Good Windows video editors (on Boot Camp)

Discussion in 'Digital Video' started by dandeco, May 13, 2012.

  1. dandeco macrumors regular

    Dec 5, 2008
    Since I often do quite a bit of video production, I thought I'd share a few suggestions on if you want to edit video on the Boot Camp partition of an Intel Mac, or if you have a powerful Windows PC that would be suitable for it. (My early 2009 MacBook has a decent Windows 7 partition that usually is pretty good with video editing.) These are the ones that I have used, and my critiques on them, on both regular PCs and on my MacBook (for Boot Camp, I strongly recommend this being on any Intel Mac that doesn't have a wimpy Intel GMA graphics chip (like the old Intel Mac Minis and MacBooks.)

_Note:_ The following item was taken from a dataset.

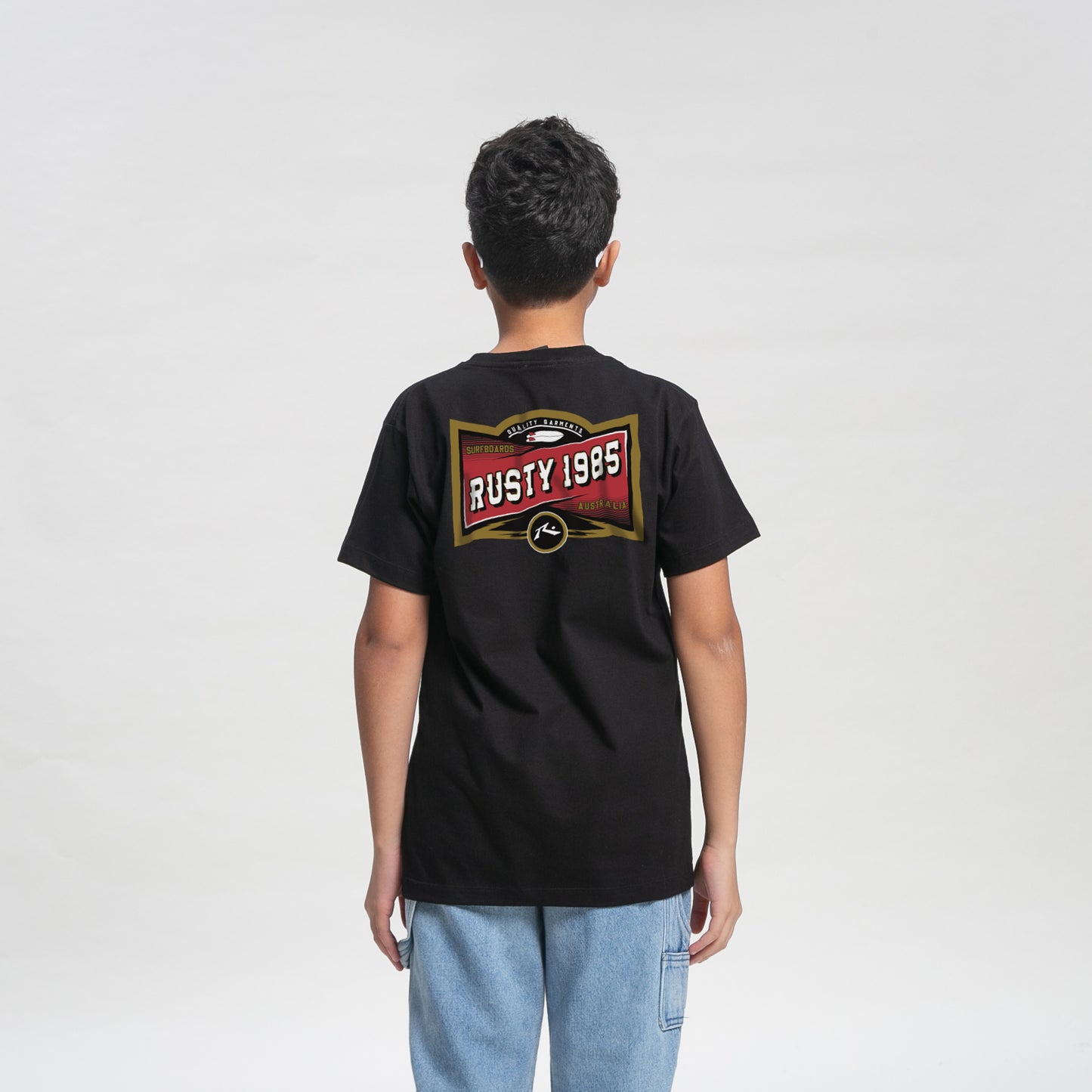 Remera Mc Incauted Tee Jr Black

    Just about every PC user has used this for home movie purposes at one time or another. Nowadays it's actually pretty generic, in terms of the final product, but is useful for some things. Windows Movie Maker 6 on Vista is more slick, but it can't capture from a webcam or an analog video source like Windows Movie Maker 2 on XP could (that was one of my favorite features.) Windows 7 users that want a decent free timeline-based editing program can download Windows Movie Maker 2.6, which is basically the Windows XP Movie Maker without capturing.

    I've tried this a few times, and it's kind of baffling. Pretty much a cheap knockoff of the later iMovie programs, and with lesser video effect/transition capabilities.

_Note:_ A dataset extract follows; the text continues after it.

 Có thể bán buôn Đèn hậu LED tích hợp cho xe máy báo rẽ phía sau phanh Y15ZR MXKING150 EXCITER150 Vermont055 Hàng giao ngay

    This is actually pretty similar to iMovie HD 6 in terms of features, but has some more useful "prosumer" utilities as well. You'd need a lot of horsepower to run it though (there are many reviewers from people who tried running Studio on "average" PCs and the program often malfunctioned.) It can even directly capture analog video without the need of a FireWire converter (you would use an analog video capture card or one of Pinnacle's USB MovieBox or Dazzle Video Creator devices.) It also has picture-in-picture/Chromakey built in (the old iMovie needed third-party plugins for this), some pretty good video transitions and effects and image improvement control, an excellent title editor, a built-in stock music generator and a really good built-in DVD authoring module. It supports two video tracks and four audio tracks (again, similar to iMovie '11), and it also has its own title/graphic-overlay track. It also has background rendering for its effects and transitions (again, like iMovie HD.) It can compress/export movie files for use on iPods, various mobile devices and more (it even has direct YouTube upload like post-2007 iMovie versions do!)
    There is also "Avid Studio," a more upscale/prosumer version with support for unlimited video/audio tracks, more transitions and effects and editing options, and more (this is more closer to a "consumer" version of Final Cut Pro X.)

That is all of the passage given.